The Internet is abuzz – people are concerned – photography is changing.
Kodak is no longer making cameras – or Kodachrome for that matter. Lytro has developed a camera that lets you focus in post. Experts predict that photo journalism as we know it is a dying craft since so-called “citizen journalists” report with their smart phones. The traditional stock photography market is all but dead, replaced with a business that pays photographers pennies where it used to pay them hundreds – even thousands of dollars. Still cameras now almost all shoot very high-quality video. Thousands of professional film labs are out of business leaving just a few national labs that specialize in digital printing.
I could go on and on and on if I wanted to, but it’s not necessary. Yes, photography is changing. And here’s something you should know – there’s NOTHING new about that. Photography has been changing since it was invented.
It started with the camera obscura, then the Daguerreotype, then Henry Fox Talbot invented the negative to positive paper process. There were also tintypes, wet plate negatives, dry plate negatives, sheet film, roll film, black and white, then color, then positive film. And let’s not forget the hardware. We went through box cameras, flashlight powder, flashbulbs, filters, instant photos, disposable cameras and yes even the digital camera.
I’m just scraping the surface here. I haven’t even mentioned all the various forms of photography such as street photography, landscape photography, art photography, sports photography.
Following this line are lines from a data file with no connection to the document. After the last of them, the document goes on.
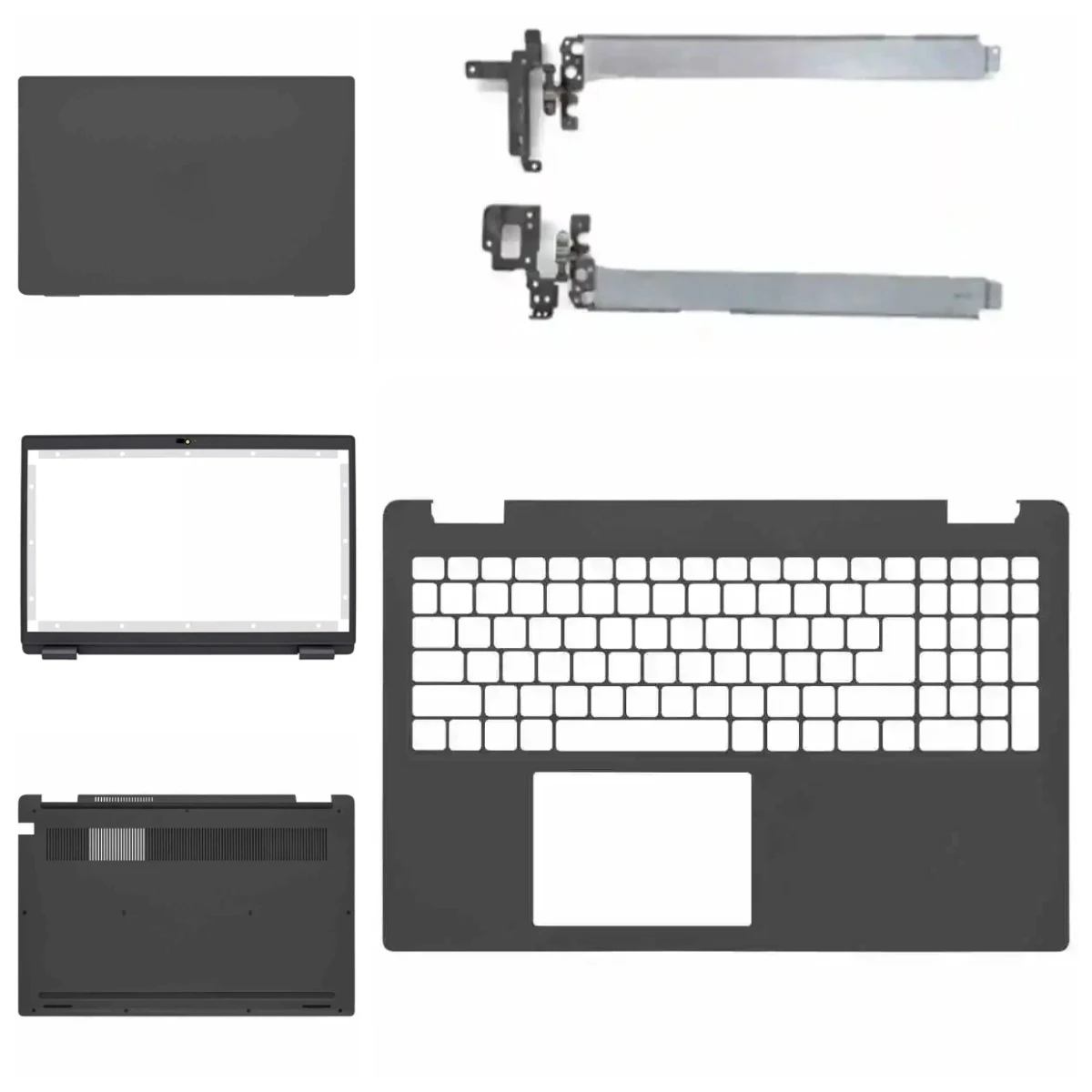 shell for Latitude E3520 3520 P108F laptop LCD back cover, front panel, palm rest, bottom shell, hinge, ABCD shell, keyboard
shell for Latitude E3520 3520 P108F laptop LCD back cover, front panel, palm rest, bottom shell, hinge, ABCD shell, keyboard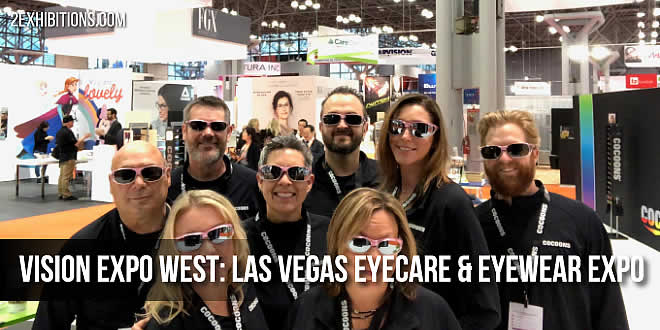 Vision Expo West: Las Vegas Eyecare & Eyewear Industry Expo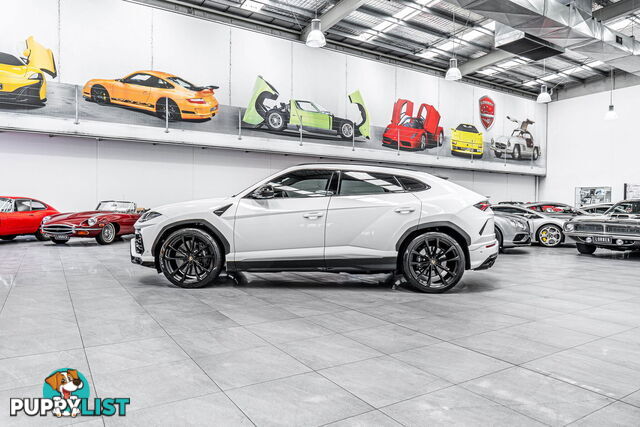 2019 Lamborghini Urus 5 Seat 636 MY19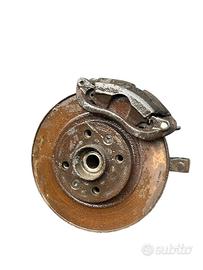 Montante anteriore sinistro renault kangoo 1500 dc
And then there’s all the various styles of the masters from people like Paul Strand, Gordon Parks, Alfred Stieglitz, Edward Weston, Minor White, and more.
As you can see, even though this is a very brief list of photographic change it provides abundant evidence that photography is always changing. To me, that’s a good thing. I am older than most of you – yet this medium still captivates me and has captivated me since I was 14 years old. I firmly believe that one of the reasons for that is simply my ability to count on it to change and become more interesting.
If you’re one of those who sits and grumbles at every new technology or technique, take some real time to study the true history of photography. You’ll see what I’m talking about and hopefully that will free you up to embrace the change, not fight it.